Niccolo Machiavelli dalam bukunya Discourses dapat membantu kita memahami rasionalisasi di balik munculnya isu tersebut. Dalam pengamatannya terhadap pergantian pemimpin-pemimpin Roma, Machiavelli menyimpulkan bahwa jika pemimpin yang baru tidak secakap pemimpin sebelumnya, maka ia hanya dapat mempertahankan kekuasaannya selama sesaat, bahkan tidak mampu mempertahankan negaranya.
Pada kasus Ma’ruf, tidak sedikit pihak yang membandingkan kecakapan sang kiai dengan wapres sebelumnya, Jusuf Kalla (JK). Pasalnya, ketika menjabat sebagai wapres ketika mendampingi Presiden Jokowi, Jk jamak dinilai diberikan porsi tugas yang signifikan, khususnya mengurus ekonomi dan melakukan diplomasi, baik dalam dan luar negeri.
Sebagaimana diketahui, JK adalah pebisnis ulung yang memiliki jaringan bisnis yang luas. Selain itu, kemampuan diplomasi JK membuatnya kerap dikirim mewakili Presiden Jokowi berbicara di forum-forum internasional.
Jika benar Ma’ruf dinilai tidak secakap JK, boleh jadi telah terjadi distrust atau ketidakpercayaan terhadap tokoh senior NU tersebut. Distrust ini pula yang sepertinya terjadi di tengah masyarakat, menimbang pada ramainya sebutan Wapres AFK di berbagai lini sosial media.
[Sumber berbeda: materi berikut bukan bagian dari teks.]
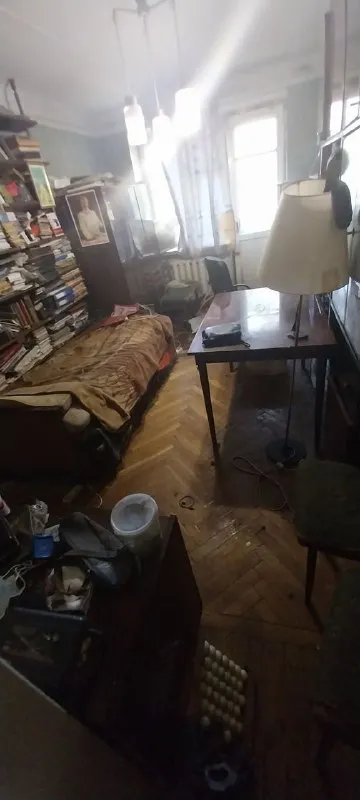 Продам 2х комн. Квартиру 🌇донецк, проспект театральный и щорса. 📍 ✅этаж 3/5 ❗️квартира под ремонт 💰ц... - фотография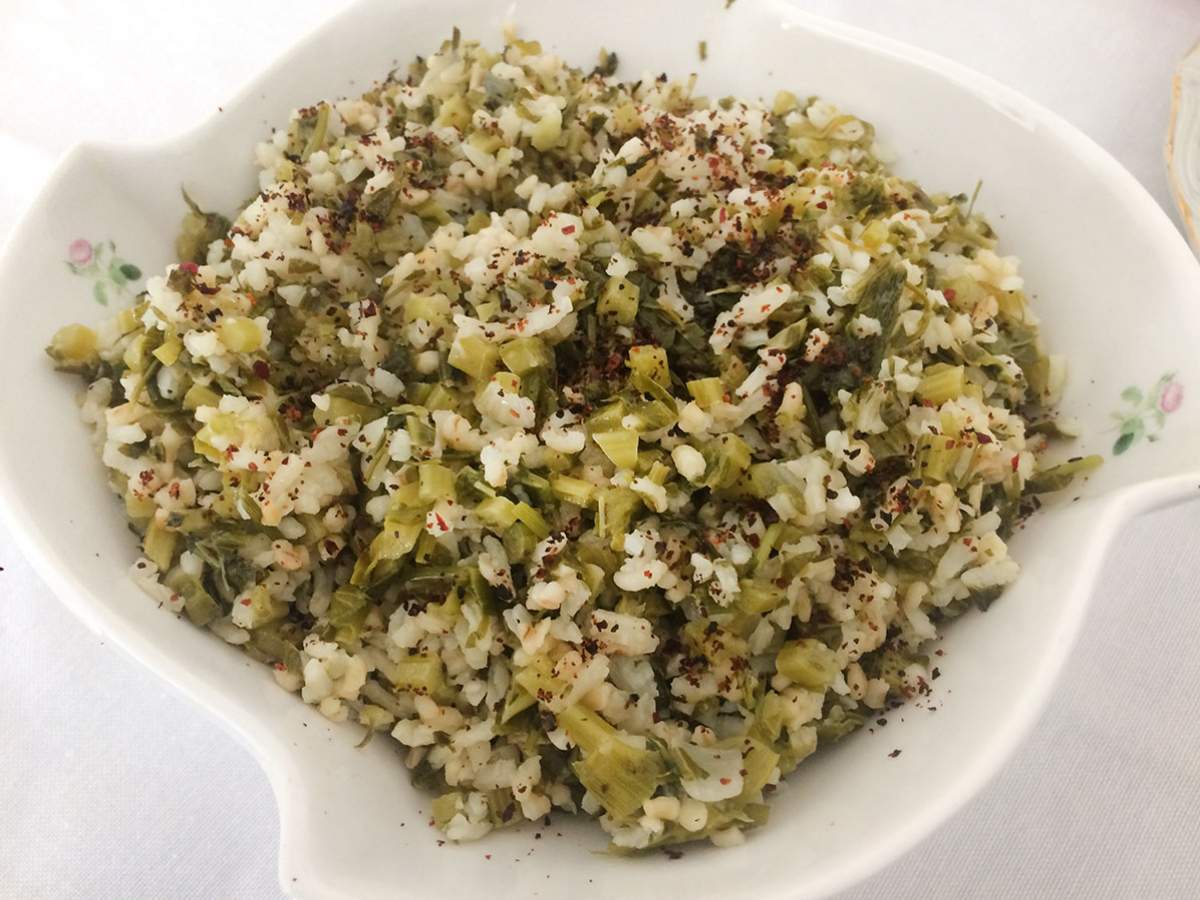 Pazı Diblesi tarifi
Francis Fukuyama dalam bukunya Trust: The Social Virtues and the Creation of Prosperity, menegaskan bahwa trust atau kepercayaan adalah pengikat yang membuat kerja sama menjadi efisien dan berjalan dengan baik. Artinya, jika defisit trust tengah terjadi, seperti dalam pernyataan Ubed, besar kemungkinan Ma’ruf memang tidak diberikan porsi tugas yang jelas karena kecakapan dirinya diragukan.
Fukuyama dalam bukunya The Great Disruption: Human Nature and the Reconstitution of Social Order menyebutkan bahwa kapitalisme memang memiliki potensi untuk membuat agen-agen yang terlibat di dalamnya untuk mengabaikan perkara moral dan etika.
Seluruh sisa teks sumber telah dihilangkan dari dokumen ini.